Hire Long-Term Research Staff
A time-honored way to produce high-quality software from academia is to run a research empire large enough that it can sustain full-time research stuff over a period of at least a decade. These staffers are people who like academia and are proficient at code craftsmanship, but who lack a desire to run the show.
For many of us, the problem with this plan is that empire builders become managers who spend most of their time acquiring and keeping grant money. The real work gets done via delegation. I recall a time when my advisor in grad school was going to about one PI meeting per month — that cannot have been fun. Empirically, there’s very little overlap between the set of professors who are PIs on major grants capable of supporting long term staff and the set of professors who write code and are otherwise in touch with the low-level details of their operations.
Leverage Open Source
In this scenario, a research group develops a prototype, open sources it, and then a community of volunteers takes over subsequent development. This is the dream outcome. It could happen, but I don’t think it is very common. We’ve gotten a number of patches for Csmith but most of them have been either relatively simple cleanups or pretty substantial sets of changes that were done to support someone’s custom compiler and that we haven’t been too eager to integrate into our version of Csmith since they would make our own work harder. Csmith isn’t very modular. With C-Reduce, we’ve had better luck — we’ve gotten plenty of good bug reports, a number of patches, and even some new features. But overall, it is not easy to build a new open source community. George Necula, who developed the wonderful CIL tool, once complained that CIL had a lot of users but very few were contributing back. Maintenance of CIL was eventually taken over by volunteers, though it may have now stagnated a bit — LLVM has moved into this research niche in a big way.
A Chain of Students
A final alternative is to try to recruit students who have, or can acquire, strong code craftsmanship skills and then put some of the code development and maintenance burden on them. In this model a new student spends some time developing and maintaining existing codes before, and in conjunction with, working on her own projects.

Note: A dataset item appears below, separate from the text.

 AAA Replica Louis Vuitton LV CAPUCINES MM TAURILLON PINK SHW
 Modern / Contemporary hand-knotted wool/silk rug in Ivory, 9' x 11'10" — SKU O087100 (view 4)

As I said at the top of this piece, this is a strategy that I have used to some extent. It sort of works but has various problems. First, a very light touch is required: it isn’t fair to burden students with too much work that does not contribute to their own progress towards a degree. Second, even PhD students aren’t around for all that long, in the larger scheme of things. Third, not all students are interested in or capable of maintaining large codes, or of writing code that is worth maintaining.
In general, academia is setup to reward quick projects that result in a few papers and maybe a few tarballs linked to grad students’ web pages. Long term development and maintenance of code requires either heroic effort by the PI or else big funding.
A possibility that I deliberately left out of this piece since it isn’t “producing good software from academia” is spinning off a company. I have a huge amount of respect for academics who form startups, but this option seems so invasive in terms of overall lifestyle that I haven’t seriously considered it yet.